Was auf der Bühne des Festspielhauses im Hintergrund einer mehr oder minder konzertanten „Walküre“ abläuft, hat allerdings über weite Strecken weder Orgiastisches noch Mystisches zu bieten, sondern wirkt für einen ehemaligen Provokateur reichlich brav. Dabei hätte sich das Ausweiden von Tierkadavern diesmal sogar aus dem Libretto rechtfertigen lassen. Beispielsweise mit Frickas selten zu sehendem Widdergespann oder den meist ebenso abwesenden Rössern der Walküren. Doch bei solch Blutrünstigem wären Tierschützer wohl mit Recht auf die Barrikaden gegangen.

Daher spult eine Gruppe Mal-Assistenten eben das ab, was man von Nitsch seit Jahrzehnten kennt. Und was sich auf den ersten Blick – ebenso wie auf den zweiten – kaum von Messiaens „Saint François d’Assise“ unterscheidet, den er 2011 an der Bayerischen Staatsoper illustrierte. Eimerweise Farbe wird da wieder die bühnenhohen weißen Wände heruntergegossen, auf dem ebenfalls weißen Boden verschüttet, mit Händen verschmiert oder mit Besen verstrichen. Anfangs ist das nur ein grünes Rinnsal, das den sterilen Raum „entweiht“, ehe sich die folgenden Stunden stetig wandelnde Bilder ergeben. Man glaubt Nitsch, dass er sich auf Wagners Werk einlassen wollte. Es ist sehr wohl zu registrieren, wie sich an emotionalen Wendepunkten oder beim Auftauchen markanter Motive Farbtöne ändern. Anderes, wie die Kreuzigungsszenen oder die zum Feuerzauber hochgestreckte Monstranz, wirken dagegen eher dem vertrauten Nitsch-Kanon als der Partitur verpflichtet und zu beliebig.

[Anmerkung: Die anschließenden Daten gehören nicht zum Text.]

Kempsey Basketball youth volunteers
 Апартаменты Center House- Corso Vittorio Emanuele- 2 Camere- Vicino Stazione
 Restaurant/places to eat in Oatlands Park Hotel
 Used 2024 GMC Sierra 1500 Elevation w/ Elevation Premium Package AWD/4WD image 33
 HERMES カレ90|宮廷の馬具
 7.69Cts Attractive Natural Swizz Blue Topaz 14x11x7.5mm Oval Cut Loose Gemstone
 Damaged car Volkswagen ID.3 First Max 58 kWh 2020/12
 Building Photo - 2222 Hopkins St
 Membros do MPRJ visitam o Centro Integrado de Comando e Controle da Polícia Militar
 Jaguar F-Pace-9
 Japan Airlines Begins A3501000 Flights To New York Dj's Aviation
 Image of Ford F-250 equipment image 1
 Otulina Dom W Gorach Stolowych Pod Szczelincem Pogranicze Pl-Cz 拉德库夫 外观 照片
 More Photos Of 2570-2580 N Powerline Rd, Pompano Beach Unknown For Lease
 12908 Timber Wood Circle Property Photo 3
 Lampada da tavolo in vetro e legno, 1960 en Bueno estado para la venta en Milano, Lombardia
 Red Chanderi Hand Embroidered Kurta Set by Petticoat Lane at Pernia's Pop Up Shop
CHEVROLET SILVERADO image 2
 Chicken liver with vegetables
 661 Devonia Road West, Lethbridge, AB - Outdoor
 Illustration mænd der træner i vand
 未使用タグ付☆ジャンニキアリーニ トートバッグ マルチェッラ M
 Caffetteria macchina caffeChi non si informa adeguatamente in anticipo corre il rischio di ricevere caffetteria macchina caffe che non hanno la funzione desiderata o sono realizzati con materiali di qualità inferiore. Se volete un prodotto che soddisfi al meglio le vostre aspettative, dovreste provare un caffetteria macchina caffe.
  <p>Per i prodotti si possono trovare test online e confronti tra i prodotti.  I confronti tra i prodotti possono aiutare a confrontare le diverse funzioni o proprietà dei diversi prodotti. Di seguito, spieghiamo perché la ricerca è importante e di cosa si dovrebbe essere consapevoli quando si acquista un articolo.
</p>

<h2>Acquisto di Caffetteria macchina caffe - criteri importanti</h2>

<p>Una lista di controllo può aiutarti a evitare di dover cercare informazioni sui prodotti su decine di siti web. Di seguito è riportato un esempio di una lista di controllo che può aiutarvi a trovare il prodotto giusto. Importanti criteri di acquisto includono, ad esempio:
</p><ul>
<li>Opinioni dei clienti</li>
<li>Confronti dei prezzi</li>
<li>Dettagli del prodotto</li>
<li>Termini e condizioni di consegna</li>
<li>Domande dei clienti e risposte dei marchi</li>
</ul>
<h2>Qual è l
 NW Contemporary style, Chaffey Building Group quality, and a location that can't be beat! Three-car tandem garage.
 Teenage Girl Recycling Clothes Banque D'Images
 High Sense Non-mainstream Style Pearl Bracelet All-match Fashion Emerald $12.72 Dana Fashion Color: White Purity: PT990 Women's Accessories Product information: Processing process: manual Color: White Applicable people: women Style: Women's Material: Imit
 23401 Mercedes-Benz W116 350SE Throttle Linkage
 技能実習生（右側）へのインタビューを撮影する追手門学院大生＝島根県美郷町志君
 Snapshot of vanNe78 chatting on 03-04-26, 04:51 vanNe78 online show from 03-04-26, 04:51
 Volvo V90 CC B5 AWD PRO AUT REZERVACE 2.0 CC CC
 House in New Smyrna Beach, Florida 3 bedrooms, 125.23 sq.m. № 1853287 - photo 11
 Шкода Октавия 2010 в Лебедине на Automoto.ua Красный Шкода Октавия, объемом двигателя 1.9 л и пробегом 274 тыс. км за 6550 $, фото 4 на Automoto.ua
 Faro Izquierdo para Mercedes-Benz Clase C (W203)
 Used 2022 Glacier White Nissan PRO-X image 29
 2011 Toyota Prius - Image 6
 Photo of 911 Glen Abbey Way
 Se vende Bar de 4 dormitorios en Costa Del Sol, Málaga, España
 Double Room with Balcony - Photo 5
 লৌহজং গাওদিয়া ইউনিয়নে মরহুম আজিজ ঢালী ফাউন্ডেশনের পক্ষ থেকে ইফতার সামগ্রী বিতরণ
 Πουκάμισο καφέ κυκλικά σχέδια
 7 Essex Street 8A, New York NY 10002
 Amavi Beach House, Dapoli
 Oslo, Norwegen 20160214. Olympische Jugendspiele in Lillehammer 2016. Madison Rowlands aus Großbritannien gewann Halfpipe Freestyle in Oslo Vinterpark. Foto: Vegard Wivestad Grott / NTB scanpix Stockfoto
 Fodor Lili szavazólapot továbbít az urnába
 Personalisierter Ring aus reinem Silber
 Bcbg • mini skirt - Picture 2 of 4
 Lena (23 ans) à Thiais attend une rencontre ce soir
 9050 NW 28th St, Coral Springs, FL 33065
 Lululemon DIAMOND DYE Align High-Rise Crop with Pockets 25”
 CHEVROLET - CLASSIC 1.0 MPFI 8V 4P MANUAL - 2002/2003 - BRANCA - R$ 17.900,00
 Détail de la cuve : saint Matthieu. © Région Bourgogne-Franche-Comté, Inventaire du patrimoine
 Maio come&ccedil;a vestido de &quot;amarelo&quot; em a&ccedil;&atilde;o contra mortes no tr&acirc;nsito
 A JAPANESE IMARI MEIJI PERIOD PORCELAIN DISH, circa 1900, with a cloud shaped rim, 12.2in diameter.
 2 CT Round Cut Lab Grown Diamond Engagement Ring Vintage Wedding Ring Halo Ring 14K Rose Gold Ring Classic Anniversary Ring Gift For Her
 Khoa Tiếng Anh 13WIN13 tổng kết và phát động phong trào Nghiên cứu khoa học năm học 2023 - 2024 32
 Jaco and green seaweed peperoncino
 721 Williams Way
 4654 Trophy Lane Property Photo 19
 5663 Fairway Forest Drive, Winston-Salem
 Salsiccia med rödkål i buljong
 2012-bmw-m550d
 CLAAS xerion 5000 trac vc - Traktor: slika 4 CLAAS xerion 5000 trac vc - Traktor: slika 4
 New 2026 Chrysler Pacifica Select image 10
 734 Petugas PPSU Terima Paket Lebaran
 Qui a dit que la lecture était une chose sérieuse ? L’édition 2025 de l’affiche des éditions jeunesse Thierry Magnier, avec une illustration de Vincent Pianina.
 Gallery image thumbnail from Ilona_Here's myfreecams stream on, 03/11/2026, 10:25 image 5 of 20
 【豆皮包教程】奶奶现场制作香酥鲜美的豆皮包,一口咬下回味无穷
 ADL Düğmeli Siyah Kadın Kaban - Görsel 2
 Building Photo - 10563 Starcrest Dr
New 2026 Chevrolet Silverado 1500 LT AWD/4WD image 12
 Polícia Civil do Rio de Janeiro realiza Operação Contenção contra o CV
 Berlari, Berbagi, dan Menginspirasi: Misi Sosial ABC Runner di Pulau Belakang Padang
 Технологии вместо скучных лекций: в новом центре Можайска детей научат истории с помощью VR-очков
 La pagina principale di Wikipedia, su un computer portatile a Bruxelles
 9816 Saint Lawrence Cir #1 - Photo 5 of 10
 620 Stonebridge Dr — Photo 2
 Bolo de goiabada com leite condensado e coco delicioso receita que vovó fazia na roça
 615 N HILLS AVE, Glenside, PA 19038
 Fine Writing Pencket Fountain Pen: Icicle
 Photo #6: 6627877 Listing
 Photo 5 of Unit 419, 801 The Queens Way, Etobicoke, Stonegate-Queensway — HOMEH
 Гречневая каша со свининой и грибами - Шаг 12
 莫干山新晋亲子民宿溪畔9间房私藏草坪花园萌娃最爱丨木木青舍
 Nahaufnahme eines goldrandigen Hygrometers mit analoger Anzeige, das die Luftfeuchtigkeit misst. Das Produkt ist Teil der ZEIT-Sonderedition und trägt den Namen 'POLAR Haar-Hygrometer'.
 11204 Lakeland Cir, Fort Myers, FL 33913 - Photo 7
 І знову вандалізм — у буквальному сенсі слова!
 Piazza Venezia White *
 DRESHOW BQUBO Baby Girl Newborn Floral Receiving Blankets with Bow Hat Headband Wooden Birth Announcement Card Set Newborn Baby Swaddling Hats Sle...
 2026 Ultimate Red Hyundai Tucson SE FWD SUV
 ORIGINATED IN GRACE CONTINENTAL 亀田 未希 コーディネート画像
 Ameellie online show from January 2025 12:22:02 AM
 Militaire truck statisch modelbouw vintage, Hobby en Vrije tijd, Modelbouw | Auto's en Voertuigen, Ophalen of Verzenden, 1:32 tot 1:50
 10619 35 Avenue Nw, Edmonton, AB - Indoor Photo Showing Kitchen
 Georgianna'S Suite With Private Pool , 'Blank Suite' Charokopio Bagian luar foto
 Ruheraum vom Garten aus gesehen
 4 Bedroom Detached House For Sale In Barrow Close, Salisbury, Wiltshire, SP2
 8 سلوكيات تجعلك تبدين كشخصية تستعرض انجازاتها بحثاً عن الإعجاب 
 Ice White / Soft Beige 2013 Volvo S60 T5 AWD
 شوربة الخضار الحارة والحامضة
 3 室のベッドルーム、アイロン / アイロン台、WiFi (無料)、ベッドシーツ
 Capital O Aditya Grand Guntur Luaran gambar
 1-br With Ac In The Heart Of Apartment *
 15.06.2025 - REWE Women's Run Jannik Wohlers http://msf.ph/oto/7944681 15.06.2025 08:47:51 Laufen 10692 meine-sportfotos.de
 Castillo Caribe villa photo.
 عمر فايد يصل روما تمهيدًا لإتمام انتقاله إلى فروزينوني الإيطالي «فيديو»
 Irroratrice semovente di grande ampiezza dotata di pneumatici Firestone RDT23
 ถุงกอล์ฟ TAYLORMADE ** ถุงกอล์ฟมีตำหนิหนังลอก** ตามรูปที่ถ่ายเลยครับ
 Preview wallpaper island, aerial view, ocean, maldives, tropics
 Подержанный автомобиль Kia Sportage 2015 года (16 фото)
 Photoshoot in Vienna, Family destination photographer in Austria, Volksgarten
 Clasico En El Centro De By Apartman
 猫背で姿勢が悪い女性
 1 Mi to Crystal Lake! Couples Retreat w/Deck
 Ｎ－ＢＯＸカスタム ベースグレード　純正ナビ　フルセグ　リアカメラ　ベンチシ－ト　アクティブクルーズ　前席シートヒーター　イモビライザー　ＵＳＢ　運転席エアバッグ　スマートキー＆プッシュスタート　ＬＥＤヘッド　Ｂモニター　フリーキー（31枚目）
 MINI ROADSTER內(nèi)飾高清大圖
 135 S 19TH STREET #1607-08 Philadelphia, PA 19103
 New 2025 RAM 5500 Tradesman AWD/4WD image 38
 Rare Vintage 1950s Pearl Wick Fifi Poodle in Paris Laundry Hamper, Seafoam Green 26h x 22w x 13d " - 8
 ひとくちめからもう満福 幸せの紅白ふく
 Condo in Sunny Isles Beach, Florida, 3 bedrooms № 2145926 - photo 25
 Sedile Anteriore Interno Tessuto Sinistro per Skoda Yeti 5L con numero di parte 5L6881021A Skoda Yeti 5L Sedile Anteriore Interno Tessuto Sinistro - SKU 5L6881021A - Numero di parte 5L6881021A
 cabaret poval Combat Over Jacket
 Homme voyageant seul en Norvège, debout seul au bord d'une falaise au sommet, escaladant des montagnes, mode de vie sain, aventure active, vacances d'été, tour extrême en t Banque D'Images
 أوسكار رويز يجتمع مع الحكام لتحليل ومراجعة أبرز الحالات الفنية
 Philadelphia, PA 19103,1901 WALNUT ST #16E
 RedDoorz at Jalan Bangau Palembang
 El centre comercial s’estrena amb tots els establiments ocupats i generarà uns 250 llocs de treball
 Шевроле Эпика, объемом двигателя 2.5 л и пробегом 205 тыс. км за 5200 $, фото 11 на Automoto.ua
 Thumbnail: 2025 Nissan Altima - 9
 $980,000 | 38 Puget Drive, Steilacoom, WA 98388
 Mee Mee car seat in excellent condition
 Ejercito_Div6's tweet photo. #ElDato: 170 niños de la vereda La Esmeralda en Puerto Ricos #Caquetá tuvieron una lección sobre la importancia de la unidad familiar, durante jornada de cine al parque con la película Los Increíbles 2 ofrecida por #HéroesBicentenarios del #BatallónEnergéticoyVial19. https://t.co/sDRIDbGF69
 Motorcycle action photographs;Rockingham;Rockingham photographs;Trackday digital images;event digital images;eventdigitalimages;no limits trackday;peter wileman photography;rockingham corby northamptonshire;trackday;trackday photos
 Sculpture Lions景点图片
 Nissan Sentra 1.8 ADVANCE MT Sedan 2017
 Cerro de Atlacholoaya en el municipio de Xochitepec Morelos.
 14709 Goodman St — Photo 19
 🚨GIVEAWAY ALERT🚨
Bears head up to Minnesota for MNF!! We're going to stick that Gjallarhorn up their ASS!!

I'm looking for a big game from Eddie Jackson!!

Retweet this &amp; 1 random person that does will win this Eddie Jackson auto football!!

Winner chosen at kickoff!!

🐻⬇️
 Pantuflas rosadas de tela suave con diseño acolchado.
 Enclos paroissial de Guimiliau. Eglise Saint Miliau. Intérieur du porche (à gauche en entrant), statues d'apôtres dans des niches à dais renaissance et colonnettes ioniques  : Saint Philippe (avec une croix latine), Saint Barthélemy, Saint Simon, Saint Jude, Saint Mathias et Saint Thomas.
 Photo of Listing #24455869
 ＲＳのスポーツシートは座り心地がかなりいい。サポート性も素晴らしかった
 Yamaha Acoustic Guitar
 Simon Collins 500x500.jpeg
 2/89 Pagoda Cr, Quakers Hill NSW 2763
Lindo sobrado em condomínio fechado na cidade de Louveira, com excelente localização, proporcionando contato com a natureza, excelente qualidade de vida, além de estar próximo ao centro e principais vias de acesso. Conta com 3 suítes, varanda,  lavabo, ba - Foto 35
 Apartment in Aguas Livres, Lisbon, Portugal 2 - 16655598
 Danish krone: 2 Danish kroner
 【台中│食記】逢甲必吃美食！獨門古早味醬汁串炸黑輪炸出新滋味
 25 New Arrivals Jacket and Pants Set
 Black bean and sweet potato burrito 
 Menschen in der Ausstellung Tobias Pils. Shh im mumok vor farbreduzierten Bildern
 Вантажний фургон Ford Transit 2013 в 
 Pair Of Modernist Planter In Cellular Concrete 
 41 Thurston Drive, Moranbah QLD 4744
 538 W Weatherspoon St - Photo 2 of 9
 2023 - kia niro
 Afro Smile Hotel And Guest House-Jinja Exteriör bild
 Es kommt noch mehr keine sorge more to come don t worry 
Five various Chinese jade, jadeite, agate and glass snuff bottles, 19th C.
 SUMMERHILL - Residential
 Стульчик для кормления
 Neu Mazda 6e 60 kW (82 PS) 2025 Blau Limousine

Ärgerlich sind aber vor allem die Nebengeräusche der Malaktion. Wenn wieder und wieder an Pianissimo-Stellen oder Generalpausen Farbe auf den Boden geklatscht wird, erzeugt dies selbst bei sonst andächtig lauschenden Wagnerianern genug Aggressionen, sodass Nitsch am Ende doch noch Buhs erntet.

Wie Dirigent Pietari Inkinen bei seinem Hügel-Debüt mit feinen dynamischen Abstufungen zu zaubern versucht, lässt sich ungestört nur in der „Todesverkündigung“ wahrnehmen, während der das Tropfen und Platschen kurz pausiert und die lethargisch schlurfenden Maler-Gesellen mit Aufwischen beschäftigt sind. Dass auch Inkinen vom Publikum hart abgestraft wird, liegt wohl in erster Linie an den lähmenden Tempi, mit denen sich das orchestrale Geschehen dahinschleppt. So gelingen zwar immer wieder wunderbare Einzelmomente, etwa im Finale des ersten Aufzugs oder beim Dialog zwischen Wotan und Brünnhilde. Was den großen Spannungsbogen angeht, bleibt bis zum nächsten Jahr, wenn der Finne nach diesem Testlauf den kompletten „Ring“ leiten soll, aber noch einiges an Straffungspotenzial.

Immerhin: Inkinen bietet ein meist sängerfreundliches Dirigat und ermuntert selbst robustere Stimmen, wie die etwas flackerig intonierende Brünnhilde von Iréne Theorin und den machvollen Hunding von Dmitry Belosselskiy, sich zurückzunehmen und nicht permanent durchzupowern. Von diesem Ansatz profitiert auch Klaus Florian Vogt, der einen liedhaften, keusch werbenden Siegmund singt, dem es aber gerade für diese Rolle in den unteren Lagen an Substanz fehlt. Anders als die vom Publikum lautstark gefeierte Lise Davidsen, die ihren voluminösen, dunkel getönten Sopran souverän übers Orchester hinweg strahlen lässt.

Wenig Probleme sich durchzusetzen hat Tomasz Konieczny, der als Wotan den kurzfristig ausgestiegenen Günther Groissböck ersetzte und trotz einiger unschöner Vokalverfärbungen um kultivierte Stimmführung bemüht war. Wenig homogen das Oktett der Walküren, die bis zum nächsten Sommer hoffentlich auch noch etwas mehr zusammenwachsen.